Define Tech Stack

[miawinter98]

• [x] backend
• [x] frontend
• [x] infrastructure
  • [x] Sqlite for data should be enough, maybe add postgress support later, can also assist with key storage
  • [x] Anything related to CalDav?
  • [x] Email Integration?
  • [x] Bot protection?

[uniqueNullptr2]

backend c#, go or rust is fine for backend. I have no strong preference

frontend blazor would be fine but I have not used it before if we go with something javascript I would opt for solidjs (seems lightweight but I have not used it before) or angular. although it would be really cool if we could create it in a way that does not require javascript to work. but my frontend expertise is to limited to say if we could make that look in any way pleasent.

infrastructure sqlite... I don't think it matters much which we implement first, but having support for at least sqlite and postgres down the line would be good

caldav seems not too trivial to implement. at the very least I have not found any libraries that make it easy to implement the server side but since there are a lot of client libs available maybe we can add it as an option to sync calendar events to an external calDav and just leave that configuration and calDAV choice to the end user otherwise going through the specs and implementing it could also be fun

email integration Is ther anything beside SMTP on your mind?
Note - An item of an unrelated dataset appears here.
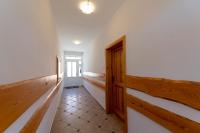 Ubytování a apartmány Sluníčko - B&B Lomnice nad Lužnicí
But we should definitely be able to send emails in some way.

bot protection what options do you know besides captchas captchas would probably do the trick in our case but I dislike them greatly would rather have them as an option to configure and also have other measures to prevent or reduce the impact of abuse

[miawinter98]

For backend I think I would prefer c#, since minimal API and controllers are nice and this also offers the option of AOT once .net 9 is out (.net itself already supports it, but EF doesn't and has it planned for 9)

Frontend I think I would like to do some JS framework for easy client side stuff. Would probably prefer next.js because it's batteries included, least pain to support and maintain.

For bot protection a couple things can be done in theory, like an event only gets proper scheduled once you have confirmed it through a confirmation email link, and it's "reserved" for like 30 minutes otherwise. This does of course not cover a DOS, like through scheduling everything, here measures like rate limiting would be needed, but personally I'd say DOS is out of scope for now. Otherwise one can theoretically implement some kind of captcha mechanism oneself (the "Add these two numbers that you see on this low quality image" kind) but idk if they are worth it for how easy they can be broken, especially in the age of big LLMs.

[jan-leila]

I'm working on a similar ish project rn and what I will say about calDAV is make sure that if you do it client side that you are getting features out of that you can't get from doing it server side because of:

1. Storing credentials is a pain, this is an app with user generated content so we should expect that at some point a XXS will happen so it should be stored in a httpOnly cookie (I have not found a js lib that supports this so roll your own here ig)
2. When you do use httpOnly cookies to store your credentials you can only store one at a time per site so if a user has multiple accounts it becomes a nightmare to deal with logging into everything again if both acts use the same calDAV server
3. CORS is going to be the bane of your existence on the front end from both a user understanding of how things work perspective (I would imagine anyone self hosting shit would use NextCloud which requires you to use a plugin an config it just for calDAV cors things to work) but also if you want to support things like Digest access authentication getting the WWW-Authenticate header for your realm and nonce just isnt allowed

[uniqueNullptr2]

c# and next.js is fine.

yeah email verification is a good idea. further bot protection we can add down the line as well.

[miawinter98]

Thinking about the MVP, I got two more Ideas for consideration:

• Making the frontend compatible with embeds, simplest solution here would just make it fit in a 400x300 iframe or something
• I just forgot the second one while writing this

[4censord]

In addition to caldav, consider ical. On the access side its very simple, just have a path the client can regularly fetch an ical file from. No idea on the implementation/libary side though.